Friday, 29 de March de 2024 ISSN 1519-7670 - Ano 24 - nº 1281

Contra o fanatismo e a intolerância

Eu sou Charlie – I’am Charlie – Ich bin Charlie – Yo soy Charlie – Sono Charlie – Somos todos Charlie: contra a chantagem terrorista e a radicalização religiosa. A favor da convivência, tolerância e liberdade de expressão

Há pouco mais de 100 anos, em 31 de julho de 1914, véspera do início da Grande Guerra, o jornalista e socialista Jean Jaurès, fundador do L’Humanité, foi assassinado por um exaltado nacionalista franco-alsaciano que pretendia calar o admirável tribuno pacifista.

Àquela altura a guerra era inevitável: começou três dias depois, prolongou-se por quatro anos, gerou outra guerra vinte anos depois. Hoje a Alsácia é uma passagem livre entre a França e a Alemanha, ambas pilares da União Europeia.

Jaurès caiu mas não se calou. Continua símbolo da luta contra o fanatismo, a xenofobia e a intolerância, patrono do partido da humanidade.

O tunisino Georges Wolinsky, seu chefe Stephane Charbonnier, o Charb (editor do semanário Charlie Hebdo), o vice, três outros cartunistas-estrela, um revisor de origem árabe, uma psicanalista e um crítico literário (colunistas), um funcionário de um prédio vizinho e dois policiais (um de origem árabe) morreram no local. O banho de sangue deixou ainda 11 feridos, sendo quatro em estado grave. Todos fuzilados por ofender o profeta Maomé.

Em poucas horas o mundo se levantou movido por uma indignação contida, até certo ponto serena, incrivelmente criativa. Com hashtags lembrando Charlie (Charles Brown), a língua francesa até quarta-feira (7/1) mergulhada num imerecido ostracismo foi subitamente revivida como expressão do Iluminismo, da Solidariedade, dos Direitos Universais do Homem e do trinômio humanista Liberté-Egalité-Fraternité.

Lápis de cor

Os sicários são supostamente fanáticos religiosos e, sob o ponto de vista técnico, terroristas clássicos – agentes da intimidação, da chantagem e da indigência política. Serviram-se da imprensa para que a imprensa servisse à estratégia da brutalidade.

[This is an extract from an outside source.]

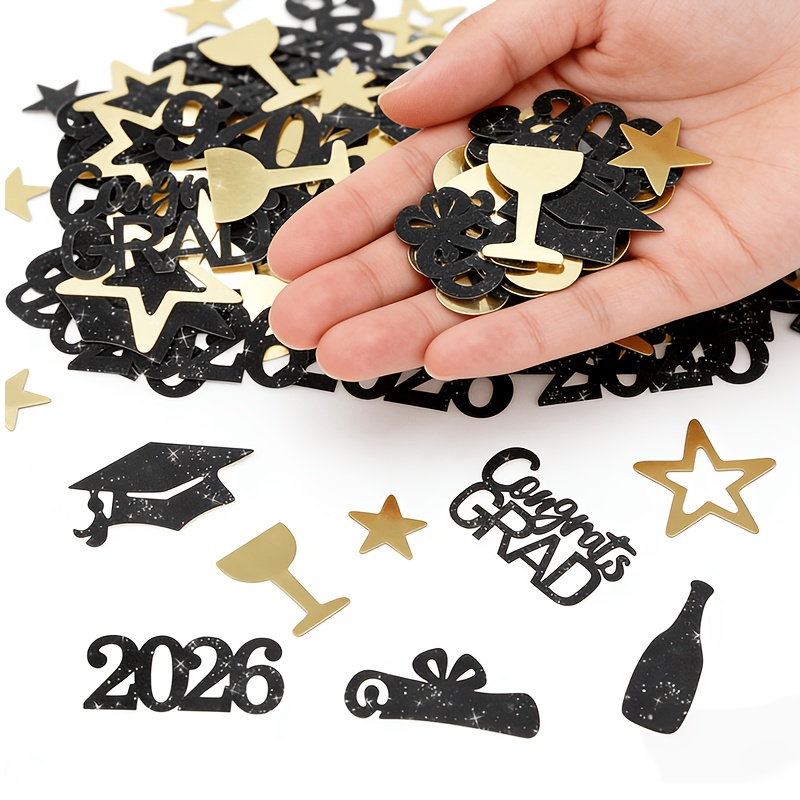 50pcs Of Golden And For The 2026 Graduation, Celebrating With Black Caps And Golden Stars, Perfect For Centerpiece Decorations At The Class Of 2026 Party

Tal como em 11 de Setembro de 2001, não têm uma pauta específica de reivindicações, estão a serviço de um projeto político tacanho, estúpido – a disseminação global da discórdia e do medo.

No momento em que na Alemanha intelectuais e estadistas convocam a sociedade para lembrar o passado e desativar o rancor anti-islâmico, o jihadismo vai na contramão: aposta na radicalização, força confrontos, estimula revanches e represálias das facções neofascistas contra as comunidades de origem árabe, africana ou muçulmana.

Mesmo que as lideranças das comunidades islâmicas da Europa ocidental estejam mais interessadas no processo de integração, coabitação e convivência, os radicais sabem que alguns segmentos – sobretudo os mais jovens e mais vulneráveis à crise econômica – acabarão se desgarrando do mainstream e embarcando na insanidade do terror. Serão os jihadistas de amanhã. E eles precisam ser salvos da fascinação pelo martírio.

Empunhando lápis, lápis de cor, lapiseiras e crayons – como se viu na quarta-feira (7) nas praças do mundo livre – será possível desenhar um novo modo de vida onde a sátira e o humor deixem de ser profissões de risco. E o jornalismo volte a ser uma profissão romântica.

Relativismo moral

Como sempre acontece em eventos políticos extremos, já apareceram os relativistas, os experts em justificações. Lamentam a violência, repudiam o derramamento de sangue, solidarizam-se com as vítimas inocentes, mas… pedem compreensão para os motivos que geraram a barbárie. Na quarta-feira (7/1), na rádio CBN, em torno das 15 horas, uma especialista oriunda de uma das mais importantes universidades brasileiras explicou que os focos de radicalismo em algumas comunidades árabes da França originam-se na anexação da Argélia no século 19. E docemente acusou a direção da Charlie Hebdo – recém-assassinada, sequer sepultada – de explorar o ressentimento anti-islâmico para escapar da falência.